● TASK PROMPT:
Tally every line in the entries below that holds "thumbnail", then give only the total.

● GIVEN ENTRIES:
+ + + + + + +

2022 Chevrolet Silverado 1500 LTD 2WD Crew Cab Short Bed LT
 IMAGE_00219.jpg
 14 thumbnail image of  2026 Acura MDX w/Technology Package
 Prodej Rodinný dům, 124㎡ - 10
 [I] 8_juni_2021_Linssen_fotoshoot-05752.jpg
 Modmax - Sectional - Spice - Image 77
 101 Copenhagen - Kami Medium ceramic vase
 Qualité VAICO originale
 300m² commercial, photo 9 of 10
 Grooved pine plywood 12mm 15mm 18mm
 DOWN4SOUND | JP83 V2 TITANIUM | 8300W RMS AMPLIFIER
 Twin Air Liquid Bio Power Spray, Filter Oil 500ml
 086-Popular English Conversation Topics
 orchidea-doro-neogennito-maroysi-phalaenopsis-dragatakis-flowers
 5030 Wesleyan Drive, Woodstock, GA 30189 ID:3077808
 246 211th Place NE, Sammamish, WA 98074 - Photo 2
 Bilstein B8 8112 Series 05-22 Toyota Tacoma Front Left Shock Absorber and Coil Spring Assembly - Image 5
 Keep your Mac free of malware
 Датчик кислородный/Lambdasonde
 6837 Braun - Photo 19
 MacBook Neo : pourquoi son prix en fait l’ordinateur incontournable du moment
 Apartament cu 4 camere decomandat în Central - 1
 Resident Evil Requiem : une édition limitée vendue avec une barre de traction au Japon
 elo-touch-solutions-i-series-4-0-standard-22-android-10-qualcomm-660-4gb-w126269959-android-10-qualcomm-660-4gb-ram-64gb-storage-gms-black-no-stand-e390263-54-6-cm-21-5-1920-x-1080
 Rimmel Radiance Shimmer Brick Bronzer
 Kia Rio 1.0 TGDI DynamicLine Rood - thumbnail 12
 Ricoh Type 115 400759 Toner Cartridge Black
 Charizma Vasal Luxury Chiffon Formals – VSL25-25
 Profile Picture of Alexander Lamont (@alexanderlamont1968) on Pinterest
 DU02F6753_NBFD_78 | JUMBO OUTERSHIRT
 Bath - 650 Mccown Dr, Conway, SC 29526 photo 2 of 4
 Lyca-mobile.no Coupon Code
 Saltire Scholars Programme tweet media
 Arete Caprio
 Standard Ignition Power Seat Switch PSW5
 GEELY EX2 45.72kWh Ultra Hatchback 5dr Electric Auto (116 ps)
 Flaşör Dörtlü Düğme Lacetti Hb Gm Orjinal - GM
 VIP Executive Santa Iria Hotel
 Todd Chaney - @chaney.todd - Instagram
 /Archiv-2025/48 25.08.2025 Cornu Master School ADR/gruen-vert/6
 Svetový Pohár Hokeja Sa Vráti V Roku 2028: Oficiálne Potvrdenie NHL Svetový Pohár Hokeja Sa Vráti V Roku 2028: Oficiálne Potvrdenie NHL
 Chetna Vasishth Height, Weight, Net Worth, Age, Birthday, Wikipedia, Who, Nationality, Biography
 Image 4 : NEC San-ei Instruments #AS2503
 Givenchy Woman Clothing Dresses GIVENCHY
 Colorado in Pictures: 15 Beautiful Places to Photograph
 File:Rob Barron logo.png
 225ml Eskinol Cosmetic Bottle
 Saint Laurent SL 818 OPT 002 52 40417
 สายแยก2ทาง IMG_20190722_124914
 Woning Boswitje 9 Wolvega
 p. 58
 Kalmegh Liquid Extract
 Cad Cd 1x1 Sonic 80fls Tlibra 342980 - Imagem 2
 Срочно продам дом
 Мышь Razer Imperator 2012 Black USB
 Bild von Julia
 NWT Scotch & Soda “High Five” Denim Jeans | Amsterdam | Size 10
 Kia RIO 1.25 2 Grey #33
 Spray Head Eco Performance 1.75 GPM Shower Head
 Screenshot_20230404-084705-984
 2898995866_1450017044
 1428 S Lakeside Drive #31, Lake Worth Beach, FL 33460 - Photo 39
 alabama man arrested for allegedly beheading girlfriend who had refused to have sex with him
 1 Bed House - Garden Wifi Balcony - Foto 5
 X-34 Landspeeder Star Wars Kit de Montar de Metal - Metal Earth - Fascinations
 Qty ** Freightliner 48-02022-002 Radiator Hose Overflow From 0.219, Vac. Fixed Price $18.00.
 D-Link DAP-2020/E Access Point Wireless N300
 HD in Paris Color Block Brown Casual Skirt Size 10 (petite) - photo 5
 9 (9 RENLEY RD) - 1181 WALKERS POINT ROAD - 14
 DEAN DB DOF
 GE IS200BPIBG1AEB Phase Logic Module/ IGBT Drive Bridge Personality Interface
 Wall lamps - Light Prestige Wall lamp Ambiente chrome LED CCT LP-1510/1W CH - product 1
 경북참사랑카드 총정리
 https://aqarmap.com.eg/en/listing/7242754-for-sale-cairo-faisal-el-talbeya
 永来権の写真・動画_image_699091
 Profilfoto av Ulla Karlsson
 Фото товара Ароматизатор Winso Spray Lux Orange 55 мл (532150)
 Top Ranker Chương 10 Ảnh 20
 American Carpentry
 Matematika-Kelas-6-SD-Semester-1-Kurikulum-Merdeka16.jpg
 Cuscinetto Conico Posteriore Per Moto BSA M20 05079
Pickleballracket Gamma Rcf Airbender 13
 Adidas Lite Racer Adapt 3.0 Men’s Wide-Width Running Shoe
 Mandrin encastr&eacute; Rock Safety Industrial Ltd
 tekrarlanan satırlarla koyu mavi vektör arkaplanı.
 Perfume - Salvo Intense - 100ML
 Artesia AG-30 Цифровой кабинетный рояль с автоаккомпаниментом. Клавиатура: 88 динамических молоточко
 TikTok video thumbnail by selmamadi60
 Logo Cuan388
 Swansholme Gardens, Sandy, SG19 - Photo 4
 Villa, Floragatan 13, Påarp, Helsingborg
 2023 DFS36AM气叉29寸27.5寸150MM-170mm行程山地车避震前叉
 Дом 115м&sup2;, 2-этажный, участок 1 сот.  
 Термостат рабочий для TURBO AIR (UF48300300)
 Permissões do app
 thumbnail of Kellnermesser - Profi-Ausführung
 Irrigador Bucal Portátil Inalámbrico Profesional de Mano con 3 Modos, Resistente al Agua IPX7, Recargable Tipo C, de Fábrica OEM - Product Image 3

+ + + + + + +

● TASK SOLUTION:
4